“Like who?”

“If anything ever happens to me, I daresay you’ll know where to look to find out.”

At the end of the cottage, a set of wooden steps led up through a trap to the loft where, as a child, Grace used to sleep and the two of them used to play. Evangeline picked up a simple bentwood chair and climbed the steps with it.

The loft was filled with rubbish now … old tools, mildewed cloth, broken mirrors, broken harness. Evangeline made a space on the floor under the roof beam, set the chair down, and climbed onto it. The heavy beam, a hundred years old or more, was in two pieces with a pegged joint in the middle. Many times over the years it had been painted with bitumen to preserve it, so that it was almost black. This concealed the fact that, between the two interlocking halves of the joint, there was a gap plugged by a matching timber wedge.

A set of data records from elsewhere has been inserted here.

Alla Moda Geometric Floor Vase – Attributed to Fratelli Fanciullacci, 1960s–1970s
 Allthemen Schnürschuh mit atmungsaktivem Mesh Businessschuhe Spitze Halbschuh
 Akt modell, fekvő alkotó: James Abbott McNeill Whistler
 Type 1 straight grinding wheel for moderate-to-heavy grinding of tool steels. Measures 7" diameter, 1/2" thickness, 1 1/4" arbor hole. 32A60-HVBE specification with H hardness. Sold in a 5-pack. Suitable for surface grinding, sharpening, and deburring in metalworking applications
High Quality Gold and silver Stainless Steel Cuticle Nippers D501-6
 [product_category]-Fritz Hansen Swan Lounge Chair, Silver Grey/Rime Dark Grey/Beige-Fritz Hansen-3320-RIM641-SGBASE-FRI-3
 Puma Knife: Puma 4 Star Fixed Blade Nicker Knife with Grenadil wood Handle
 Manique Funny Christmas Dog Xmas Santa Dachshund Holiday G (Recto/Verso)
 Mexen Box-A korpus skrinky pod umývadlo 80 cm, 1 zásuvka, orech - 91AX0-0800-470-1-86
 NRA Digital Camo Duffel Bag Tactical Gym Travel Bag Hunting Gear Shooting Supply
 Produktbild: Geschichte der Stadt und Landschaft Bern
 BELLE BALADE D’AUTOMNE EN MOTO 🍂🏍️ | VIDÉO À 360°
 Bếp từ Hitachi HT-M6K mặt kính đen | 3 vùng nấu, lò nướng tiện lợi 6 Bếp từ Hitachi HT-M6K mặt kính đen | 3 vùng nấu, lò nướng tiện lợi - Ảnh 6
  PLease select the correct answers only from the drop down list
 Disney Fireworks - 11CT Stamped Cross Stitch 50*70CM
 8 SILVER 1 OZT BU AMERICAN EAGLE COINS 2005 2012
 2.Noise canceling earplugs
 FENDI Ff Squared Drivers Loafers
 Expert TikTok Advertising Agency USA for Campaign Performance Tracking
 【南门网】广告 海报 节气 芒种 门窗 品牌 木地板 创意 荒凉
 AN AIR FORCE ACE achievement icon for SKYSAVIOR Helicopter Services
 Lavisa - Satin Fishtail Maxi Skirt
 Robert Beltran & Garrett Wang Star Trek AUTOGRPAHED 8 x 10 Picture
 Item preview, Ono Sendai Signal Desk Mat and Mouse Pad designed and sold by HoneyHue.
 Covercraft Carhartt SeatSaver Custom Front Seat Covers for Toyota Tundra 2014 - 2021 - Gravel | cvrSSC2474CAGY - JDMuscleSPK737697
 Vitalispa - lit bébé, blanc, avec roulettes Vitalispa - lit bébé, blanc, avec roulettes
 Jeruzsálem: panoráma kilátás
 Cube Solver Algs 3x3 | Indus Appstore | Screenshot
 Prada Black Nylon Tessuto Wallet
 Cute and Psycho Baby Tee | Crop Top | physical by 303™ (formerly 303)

Evangeline worked the wedge free, uncovering the space behind it. Their secret place. There was a box in the space that Evangeline didn’t recognize.

She took it out, climbed down, turned around and sat on the chair, and inspected the box on her knees. By the faded paper label, it had once held cotton reels. When Evangeline had looked at it from every angle, she opened the lid.

The box might not be familiar to her, but some of its contents were. They were mostly childish treasures. A hat pin and a tortoiseshell comb, mementoes of Grace’s mother. Some foreign coins they used to play shop with, and a pebble from the Holy Land, one of a sackful brought to their school and handed out to each child by a visiting missionary. There was a fancy livery button, and the remains of some papers; if these had been deeds or title papers of any kind, then they’d be of no value to anyone now. Mice had somehow entered the box and shredded them into a mass of pulp and little black droppings.

Evangeline closed the box and looked around. If Grace had meant for her to find something here, she couldn’t imagine what it was. Perhaps it had been taken. What an irony that would be, if Grace had kept some kind of evidence to protect herself only to be killed for it.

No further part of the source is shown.